As a sales professional, have you ever spoken these words after a

phone call or a meeting with a prospect that hasn't gone well? The usual

next step is the customer telling you they are going with another solution

or going in another direction. Not good.

More salespeople and sales organizations are trying to increase their

average sales prices (ASP) and shorten their sales cycles. To do this, they

need to call on the executive suite more often. The question is: How have

you and your company prepared the sales organization to call on the executive

suite?

Sales typically uses PowerPoint slides and white papers that Marketing

has meticulously prepared and made everyone memorize. These expertly

executed materials are all about what we do, who we do it for, and

how we can do it for you, Mr. or Ms. Prospect. They work well for the

features and benefits buyers (aka User Buyers), but what about the Executive

Buyers? Do you really think they want to see the same story and

listen to the pitch you made to the User Buyer?

For the past twenty years, we have been training salespeople and sales

organizations to speak a different language when they call on the executive

suite. C-levels speak a different language than their User Buyer counterparts,

and it's amazing how unprepared a sales team can be to call on

executives. I would guess that salespeople, on average, converse in User

Buyer language in about 80 percent of sales calls they make to the executive

suite. When they do get to the C-level buyer, the sales team usually

asks the C-suite buyer "key" questions like:

"What would you like to know about us?"

"Here is an executive overview of what we have been talking to your subordinates

about."

"What can we do so that you will approve and sign off on our deal?"

Then there are the 20 percent of sales calls that talk to the C-suite

about what they want to hear--how the proposed solution can benefit

one of their key goals or objectives.

"This can contribute to lowering your costs up to 20 percent."

"Timing is key to your new product launch, and this solution can help you

save three to four weeks of time."

"Our solution has the potential of lowering the risk of this project by 5 to

10 points."

What's the difference between the two conversations?

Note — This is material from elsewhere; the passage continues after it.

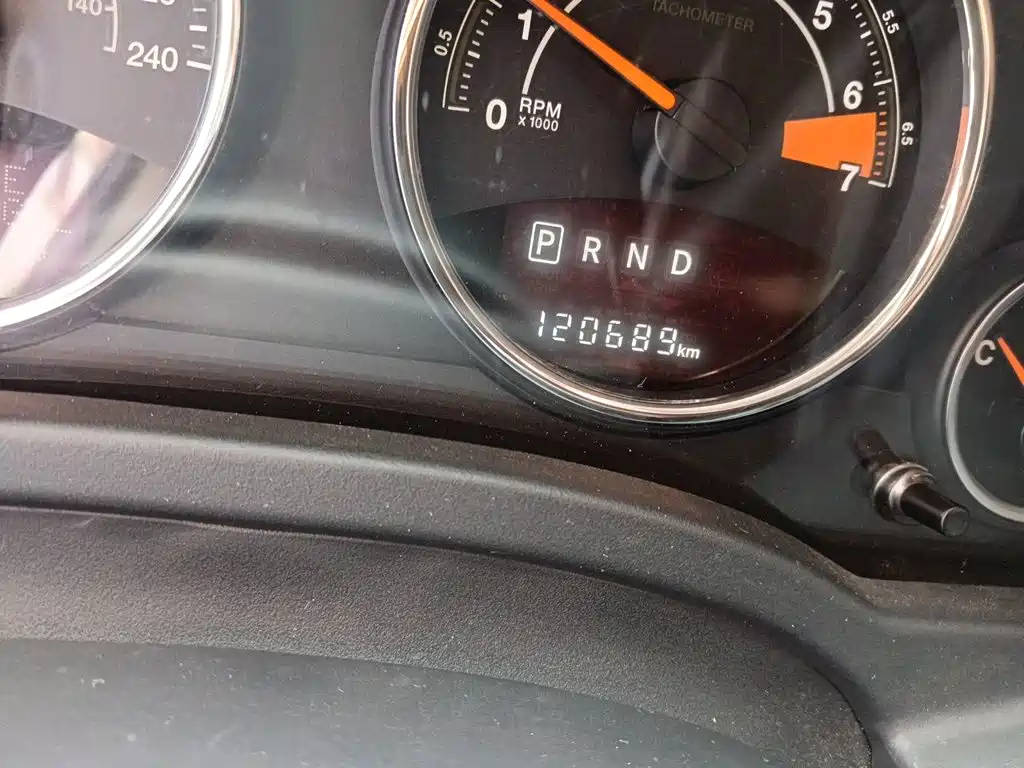 Jeep Compass (Import) — миниатюра 13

TWO DIFFERENT VALUE PROPOSITIONS

There are two different value propositions in most sales. The executive

suite has one idea of what they want and why they need to change what

they are doing today, and the User Buyer is looking for something else.

So what happens?

Salespeople go for the low-hanging fruit--the User Buyer value

proposition--since that is one they have been taught how to sell to and

have had success selling. And, quite frankly, they feel comfortable discussing

their favorite subject, themselves.

A far sounder approach is to sell both above and below the line--to

the User Buyer and to the executive suite. Early in the sales process, a

focus on both value propositions substantiates your proposal's value for

both levels of the organization, speeds up the sales cycle, and increases

your ASP.

THE SUNDAY DINNER

Many families have a formal dinner every so often, perhaps on Sundays.

When the extended family members and a few friends gather, the kids

sit at one table and the adults at another. The kids' table has their own

"language," and the adult table has theirs.

The kids didn't want to sit at the adult table, where they soon get

bored with parent talk. Adults don't want to sit at the kids' table; they've

spent plenty of time with the kids all week and long for some adult conversation.

Above-the-line (ATL) executives and below-the-line (BTL) buyers

sit at different tables, talk about different things, and operate from different

perspectives.

The tools and tactics in this book will have you calling higher, getting

quicker responses, negotiating with more confidence, and speaking the

right language.

Calling high is not the trick. Anyone can do that. The trick is when

you're there, what do you say? How do you keep the executive's attention?

And how do you coordinate that conversation with the pitch you're delivering

below the line?

Welcome to Selling Above and Below the Line.